PROBLEM STATEMENT — Beneath this line is the data. Output exactly the lines from the line with "Elara Hidden Halo" to the line with "Oversize Fit Hooded", both ends included, and nothing more.

DATA FOR REVIEW —
* * * * * * * * *

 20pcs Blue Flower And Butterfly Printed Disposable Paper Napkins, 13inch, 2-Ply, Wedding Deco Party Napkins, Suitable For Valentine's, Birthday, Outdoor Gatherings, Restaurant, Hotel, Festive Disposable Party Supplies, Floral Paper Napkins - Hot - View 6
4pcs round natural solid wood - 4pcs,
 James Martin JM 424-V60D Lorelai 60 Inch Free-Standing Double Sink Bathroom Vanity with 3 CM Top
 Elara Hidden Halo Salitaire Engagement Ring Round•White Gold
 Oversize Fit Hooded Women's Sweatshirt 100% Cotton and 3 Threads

* * * * * * * * *

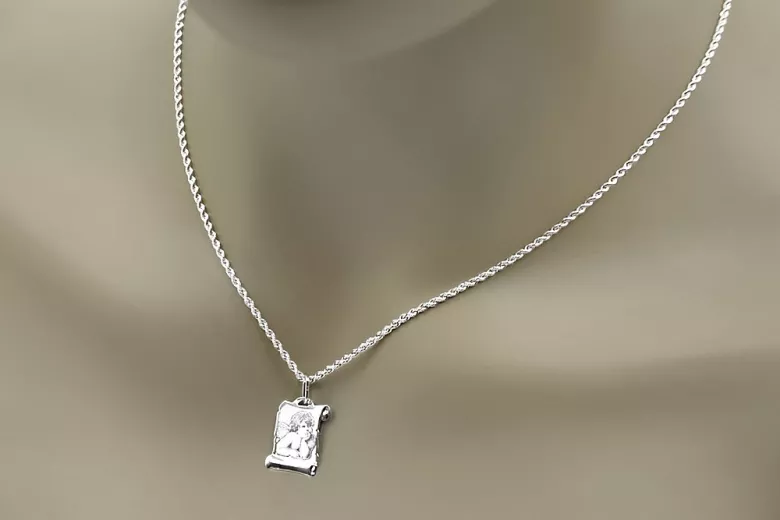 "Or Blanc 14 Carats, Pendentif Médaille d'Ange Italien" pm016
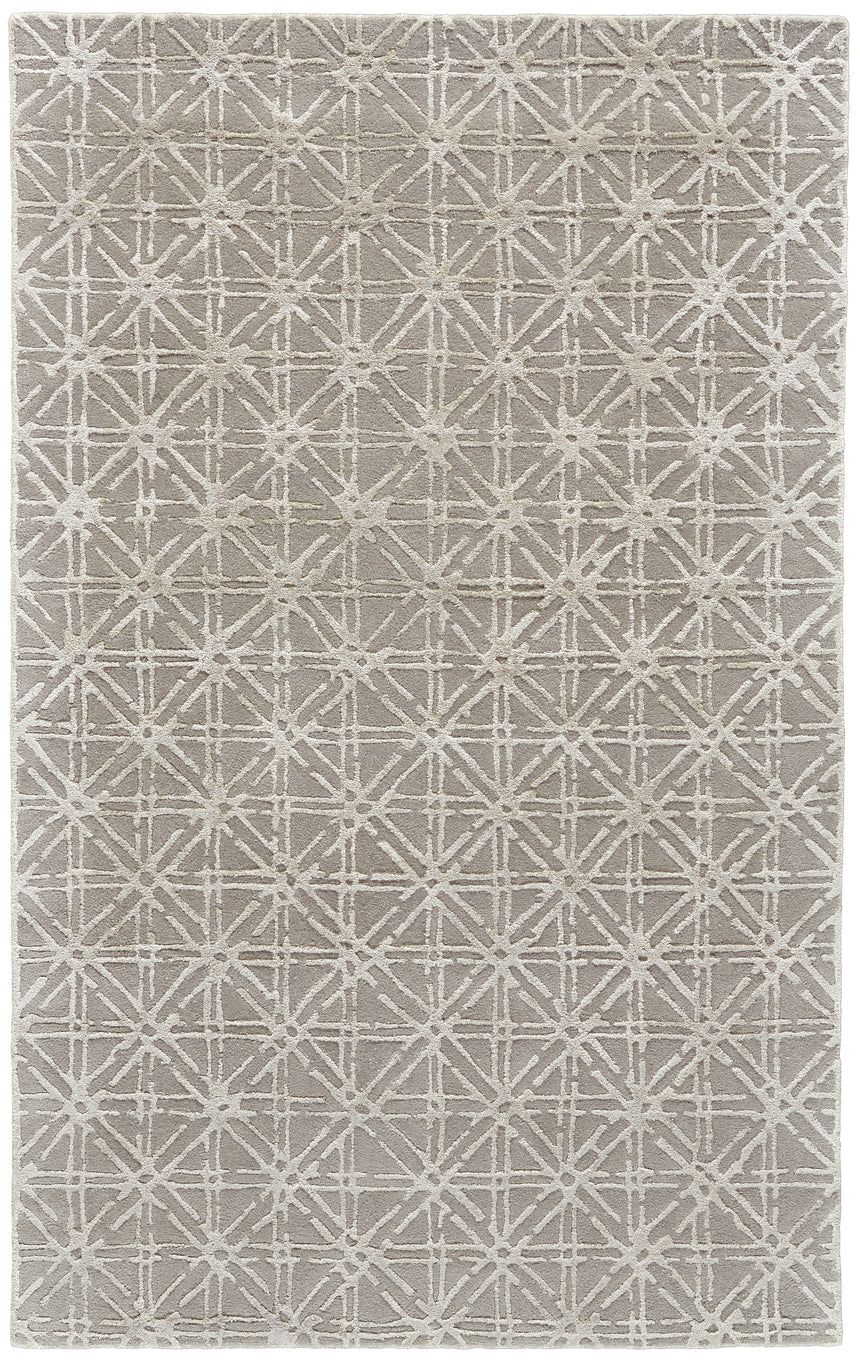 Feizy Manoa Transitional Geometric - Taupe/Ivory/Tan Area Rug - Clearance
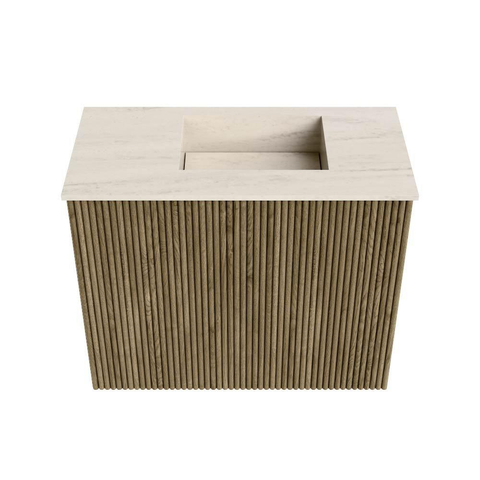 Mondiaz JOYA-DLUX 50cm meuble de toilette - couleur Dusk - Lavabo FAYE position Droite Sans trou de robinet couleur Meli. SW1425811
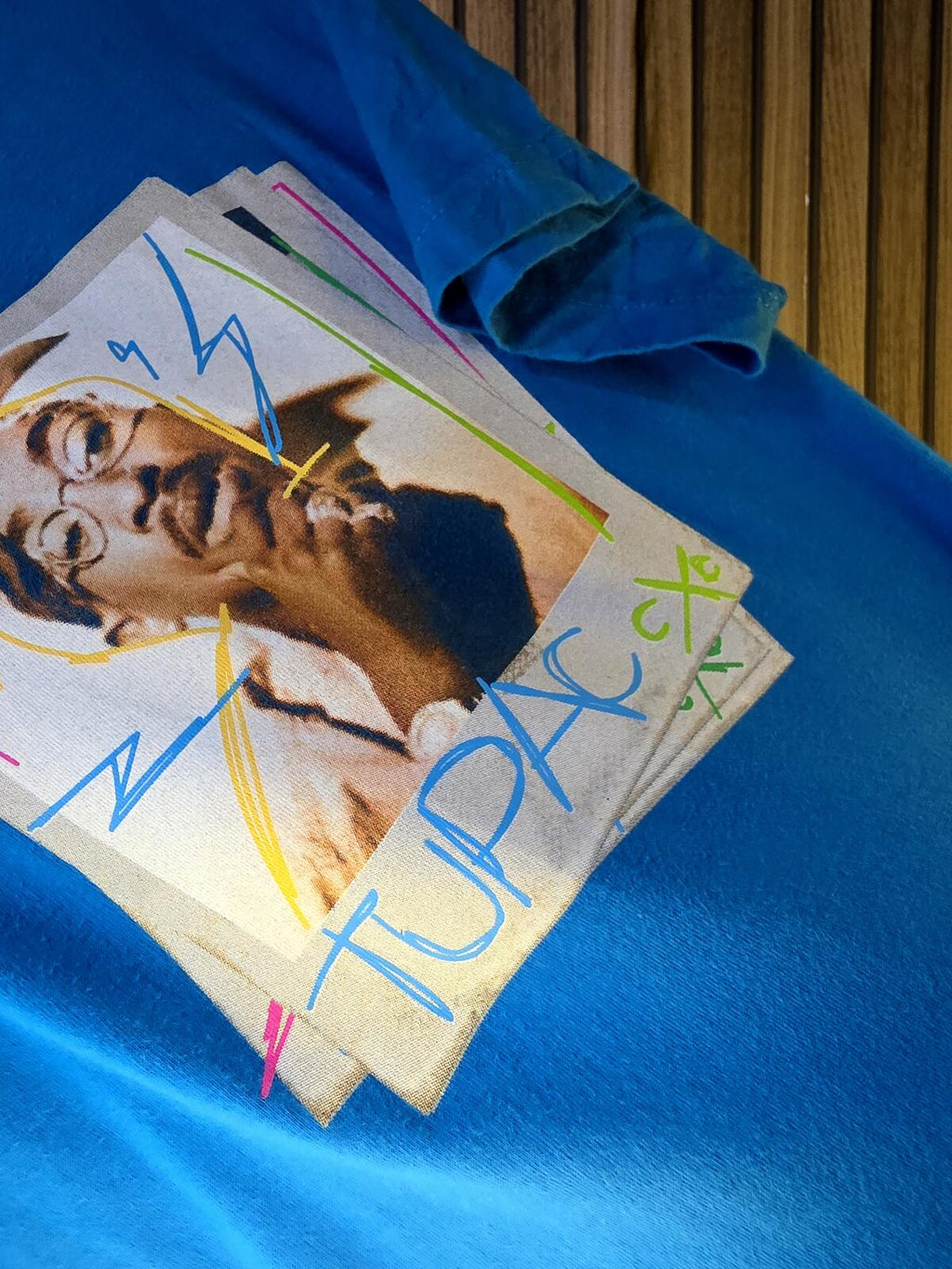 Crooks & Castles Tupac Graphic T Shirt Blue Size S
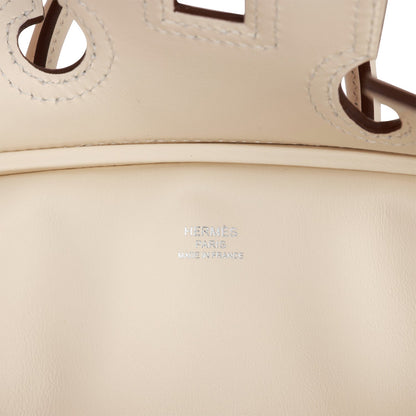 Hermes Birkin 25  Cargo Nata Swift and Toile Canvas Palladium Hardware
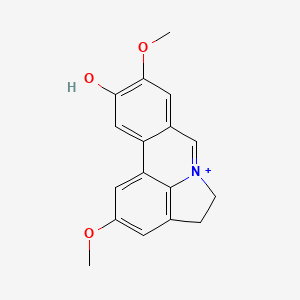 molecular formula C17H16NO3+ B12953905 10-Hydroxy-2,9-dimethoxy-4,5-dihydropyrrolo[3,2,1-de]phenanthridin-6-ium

* * * * * * * * *

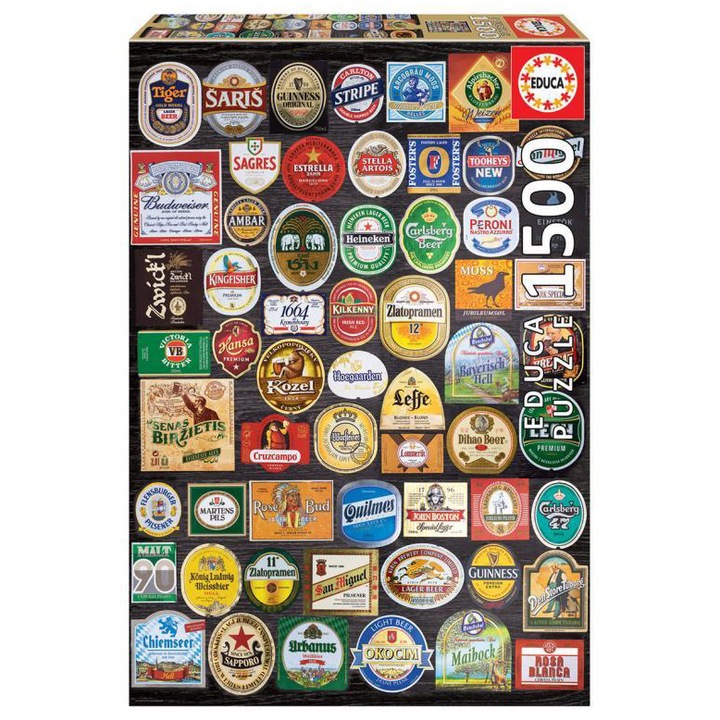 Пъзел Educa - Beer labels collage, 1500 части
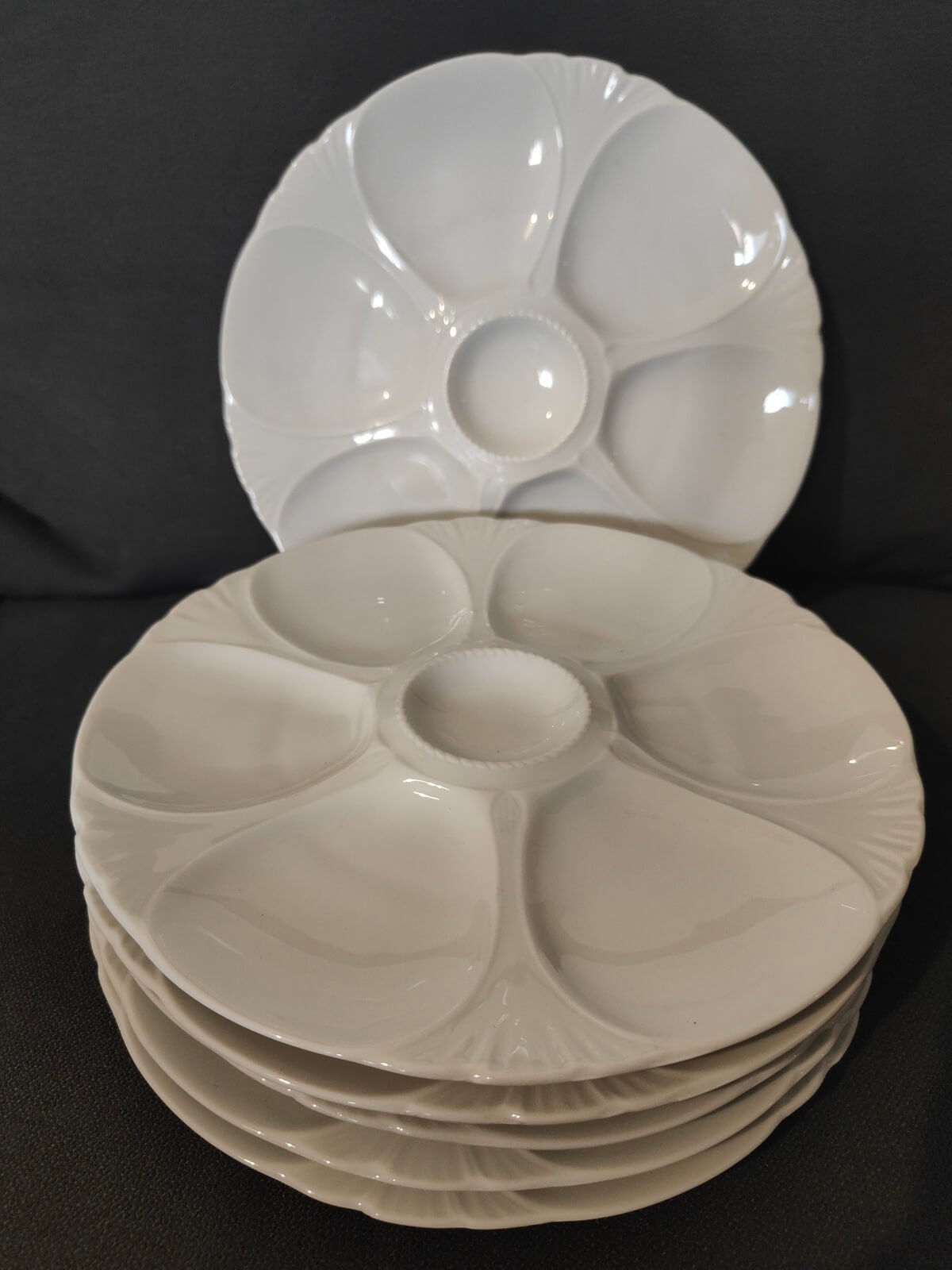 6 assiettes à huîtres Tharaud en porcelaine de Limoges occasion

* * * * * * * * *

SOLUTION TO THIS TASK —
 Elara Hidden Halo Salitaire Engagement Ring Round•White Gold
 Oversize Fit Hooded Women's Sweatshirt 100% Cotton and 3 Threads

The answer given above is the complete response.